Where would you go if you wanted to sport crazy tights and ride Critical Mass? Or don a wool blanket while dining out at the latest ‘It’ restaurant? A place where ‘sör’ means ‘beer’ and ‘bor’ means wine?
Budapest, babája (baby)!
During a recent to trip to the Hun capital, we noticed the city under siege thanks to a few fun trends. One of the easiest places to spot the latest fashions is the Liszt tér. An artery of the Andrassy út, the tér is made up of a long strip of parkland featuring a bronze statue of Liszt, looking windblown and surrounded by airy cafés.
The ideal locale for people watching? We like to hunker down in a wicker chair in front of one of the square’s cafés. With a wool blanket, of course. That’s right Cheapos. Local women take to wrapping themselves in the colorful blankets on chilly nights, but not only that: they’re also fans of covering their gams with eccentric tights. Patterns of every stripe are represented, it seems, adding frivolity to otherwise conservative dress.

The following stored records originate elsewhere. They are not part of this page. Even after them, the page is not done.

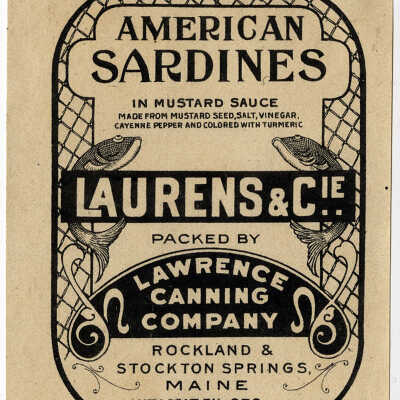 Laurens and Cie. American Sardines in Mustard Sauce. | [No Artist Defined]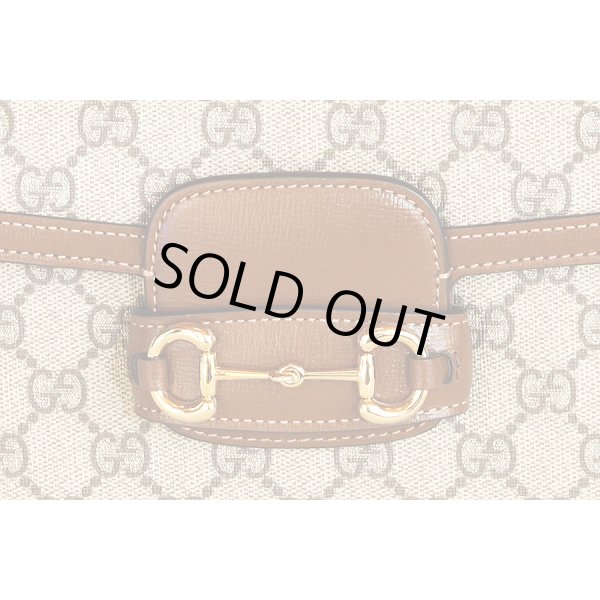 グッチ　ホースビット1955 ミニショルダーバック 658574 403075 ベージュ　表面拡大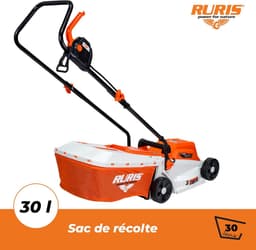 Elektrische Grasmaaier – Grasmachine – Grasmaaier – Tuinmaaier – Gazonmaaier – 1200 Watt Motor – 32 cm Maaibreedte — thumbnail 5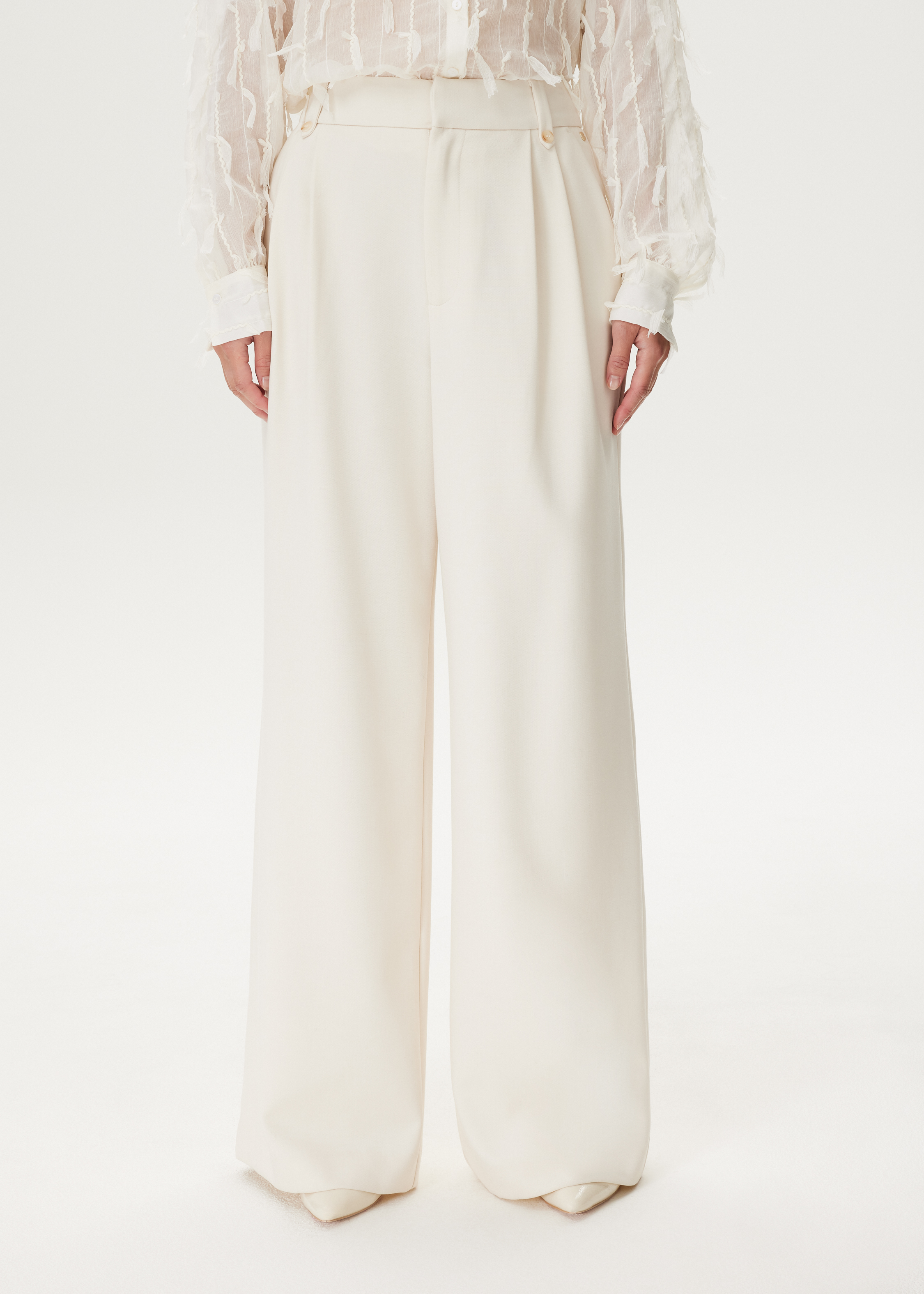 Pantalon met plooien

The Liszt tér eateries are optimal for observing the local peacock procession, and the food is delicious. We returned several times to Café Vian for their HUF1350 ($7) Hawaiian salad. The cappuccinos are HUF380 ($2) each and mojitos run HUF1500 ($8). The highly publicized Menza was also a treat. One Friday night we dined on veal paprika with a side order of white asparagus. The whole spread was HUF3060 ($16) including drinks.

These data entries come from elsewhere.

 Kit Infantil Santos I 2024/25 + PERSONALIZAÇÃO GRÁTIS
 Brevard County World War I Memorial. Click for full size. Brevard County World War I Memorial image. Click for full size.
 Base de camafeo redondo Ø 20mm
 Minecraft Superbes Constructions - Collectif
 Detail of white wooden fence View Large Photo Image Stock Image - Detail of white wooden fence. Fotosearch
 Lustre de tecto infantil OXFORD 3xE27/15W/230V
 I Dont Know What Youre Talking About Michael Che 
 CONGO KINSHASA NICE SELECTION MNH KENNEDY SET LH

Finally, we read in several guide books Budapest is not a bike friendly town. A confusing claim since we saw bikes everywhere and the local chapter of Critical Mass is quite active. The group, which begun officially in 2004, fights for the right to ride a bike in the congested city while calling attention to automobile induced pollution. The latest demonstration on wheels was held on Earth Day, April 22, 2007.